I do dwell on that thought sometimes, and it does feel like that very much so. I mean, my life up to the age of 16, and my life before I studied music between the ages of 17 to 23, were very different. And then at 23, getting into music where it paid rent and I didn't have to do anything else to earn a living, that feels like a different life, too. Within music especially, there's been definitely three or four utterly, utterly separate mindsets.
Are you nostalgic for those earlier, younger lives?

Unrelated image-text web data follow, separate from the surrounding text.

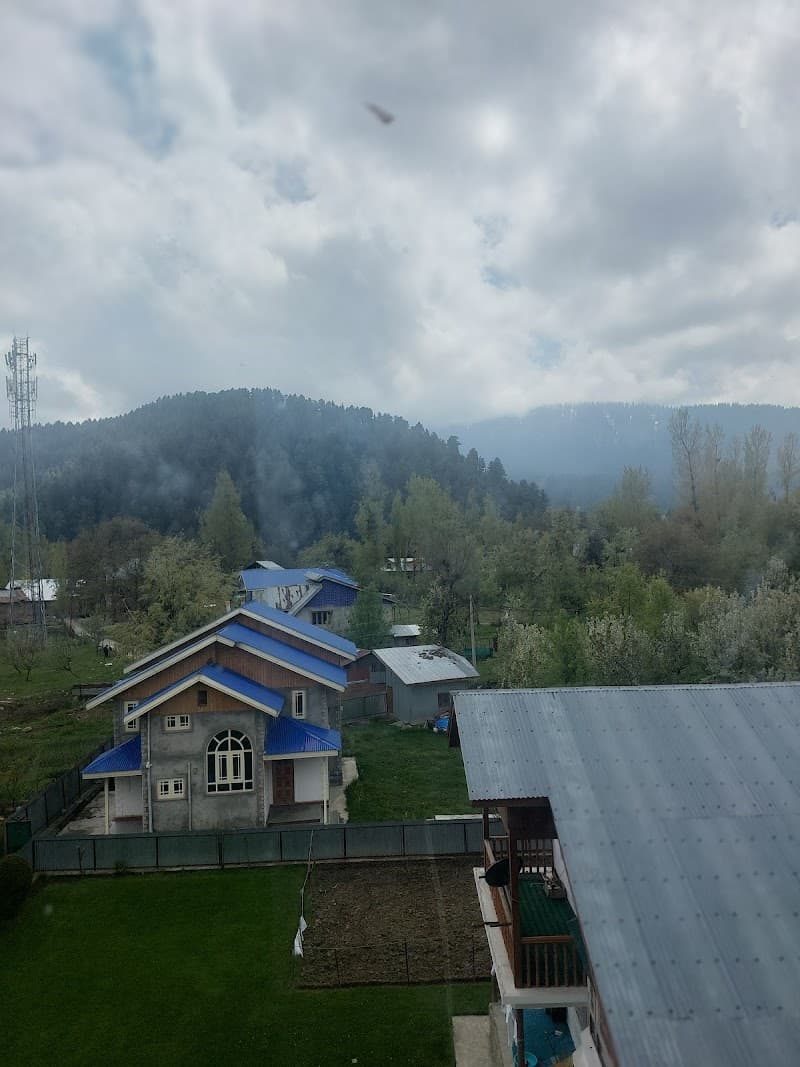 A serene view of a cozy cottage with blue roofs nestled amidst lush greenery under a cloudy sky, ideal for tranquil mountain retreats in Gulmarg.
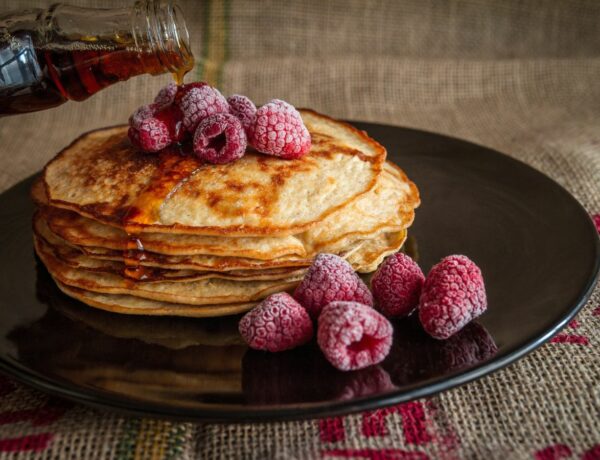 a stack of three golden vegan pancakes being covered in maple syrup and topped with lightly frosted raspberries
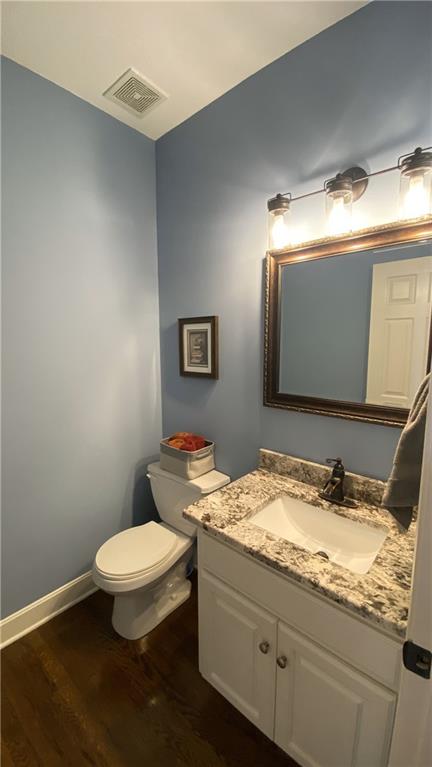 bathroom featuring toilet, vanity, and hardwood / wood-style floors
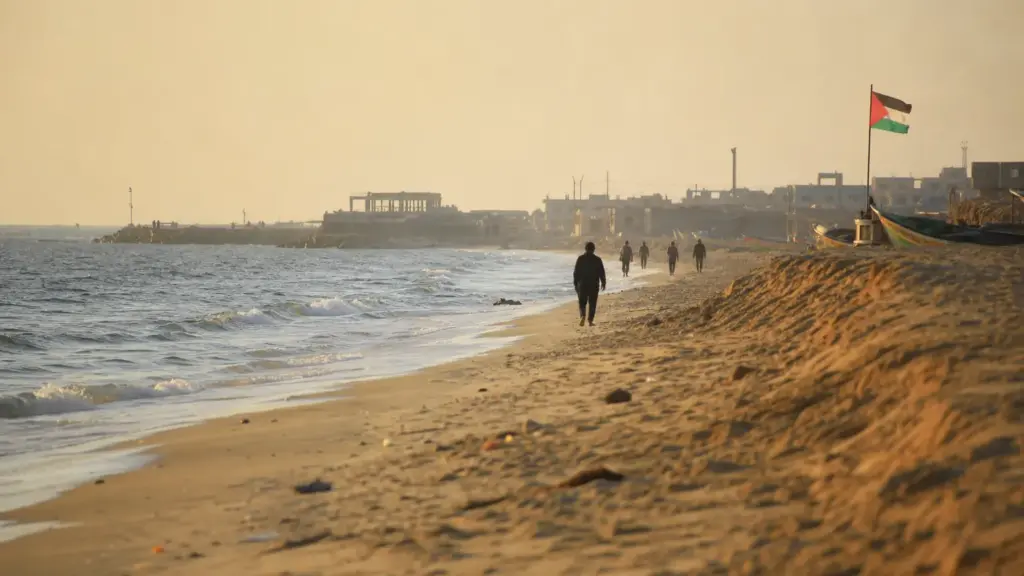 playa de gaza: costa arenosa del norte de la Franja al atardecer con figuras lejanas de espaldas junto al mar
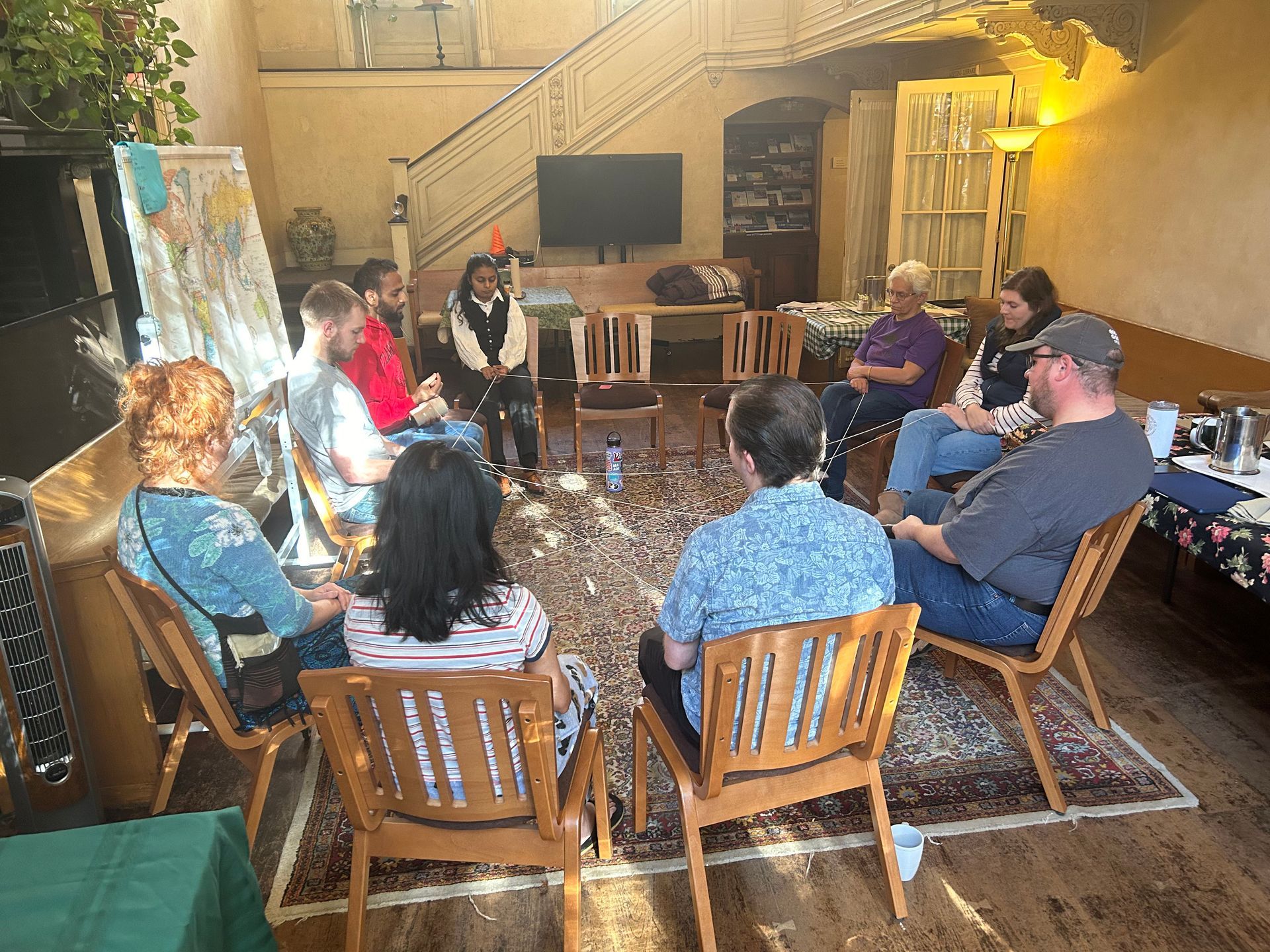 A group of people sit in a circle on wooden chairs in an indoor space, engaged in a discussion.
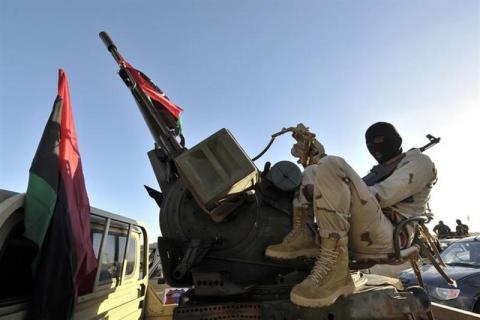 A member of the Libyan army's Thunderbolt Brigade sits at the back of a vehicle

Well, the age thing… You don't realize at the time, but the reason why all the doors were open was because of that. I certainly didn't realize it, I had no idea at the time. You can hear it, it can't be faked. I don't know what it is, I’ve tried to deconstruct it many times… There's something fearless in it. And I do feel very fearless at the moment. I'm aware that I'm not going to sound young on my new record, The Painter, no one's going to listen to it thinking, "Ah, that's a 23 year old’s music," that isn’t going to happen. But I do feel the same sense of fearlessness as I did when I was younger. And I've only ever had that a few times in my life.

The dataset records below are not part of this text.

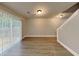 Bright living room features hardwood floors, recessed lighting, and a sliding glass door to the backyard at 1232 Pinedale Nw Cir, Conyers, GA 30012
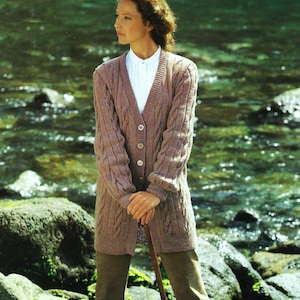 May include: A woman wearing a long, brown cable knit cardigan with a white button-down shirt underneath. She is standing in a natural setting with a river and rocks in the background.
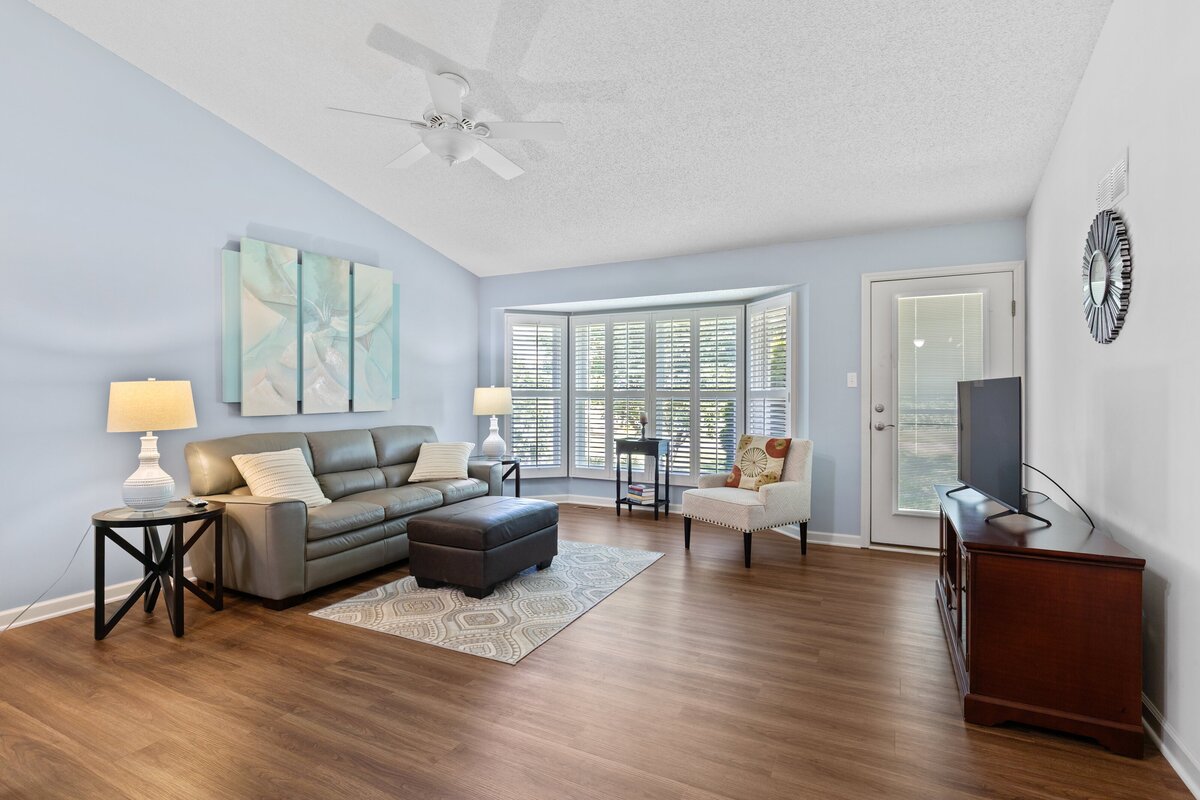 Real estate photo of the interior of a home. Showing a light blue living room with high ceilings and lots of windows. 
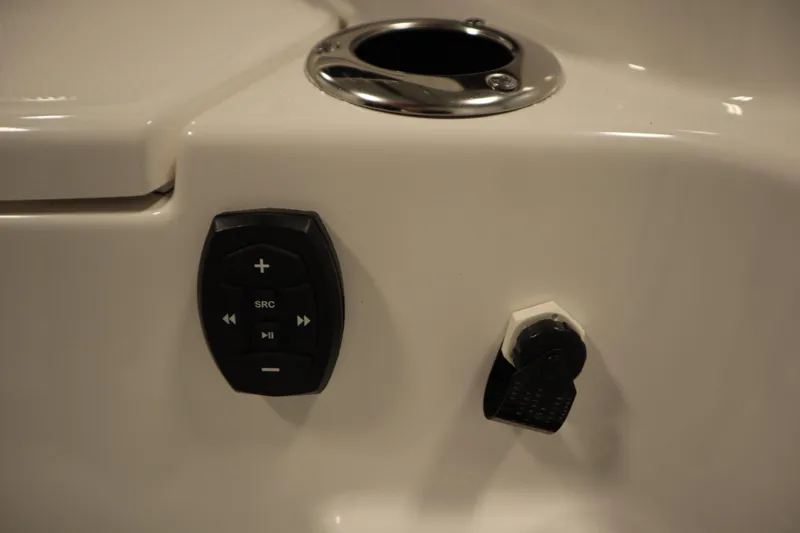 Slide: The Image of Control panel on 2026 Yamaha Boats 255 FSH Sport E, featuring audio and accessory controls. - 50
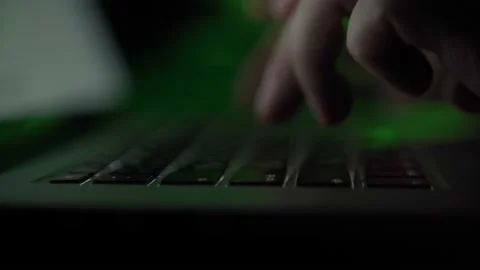 Hands typing in the dark with colored lights on a laptop keyboard. Shaky camera Stock Footage 194551839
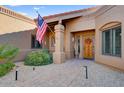 Welcoming entryway with a wooden door and nicely landscaped area at 19035 E Tonto Trl, Rio Verde, AZ 85263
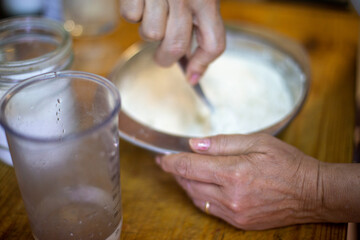 Obraz na płótnie Canvas person mixing dough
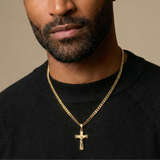 Gold crucifix pendant on a light gray background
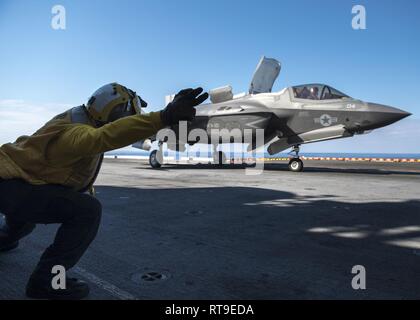 Mare delle Filippine (Jan 28, 2019) -- Aviazione di Boatswain Mate (movimentazione) terza classe Rulloda Noel, da Chicago, segnali il lancio di un F-35B Lightning II aeromobili appartenenti alle Marine Fighter Attack Squadron 121 dal ponte di volo dell'assalto anfibio nave USS Wasp (LHD 1). Wasp, ammiraglia di Vespa Anfibia Gruppo pronto, con avviato 31 Marine Expeditionary Unit, è operativo nell'Indo-Pacifico regione per migliorare l'interoperabilità con i partner e servire come una pronta risposta in vigore per qualsiasi tipo di emergenza. Foto Stock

“When you’re working, you just don’t get musical disagreements. It’s so rare. It doesn’t happen because you’re in this common cause.”
How was it to collaborate with so many artists for this album — rather than collaborating with them on their music, like when you were producing and remixing for artists like Blur, Queen, and Prince?
Making the album, the whole thing has been fun and it came really easy. I’ve never had so much fun in life, working with my favorite singers who gave me their best stuff. Collaboration gives me a great gift. I know what I want, and I'm very clear. And I know that they know I know what I want! But I'm absolutely open. I'm very diplomatic. There’s never a disagreement. When you're working, you just don't get musical disagreements, maybe in some cases you might get procedural disagreements, technically speaking; but musically speaking, it's so rare. It doesn't happen because you're in this common cause. Musicians are great communicators, you know, someone will tell you, “Oh, it needs to sound like butterflies kissing concrete." And you’re like, “Oh, okay. Got it!”
Apparently artists would sometimes just hum a melody to you, and you could make a song out of that.
I love that. Acapella, you know? Hum a melody and a lyric into a phone and send it to me on a file and I'll just be in heaven, cloaking it in majesty. So working with singers in this case, they were all great, we had some fun times. And working with a label, it's been a joy. I think that’s good, you know, you have to have a feeling for it. I don't want to sound smug, but I mean, I'm in a very good place. Because for a while, I was really just fed up with the wall of difference.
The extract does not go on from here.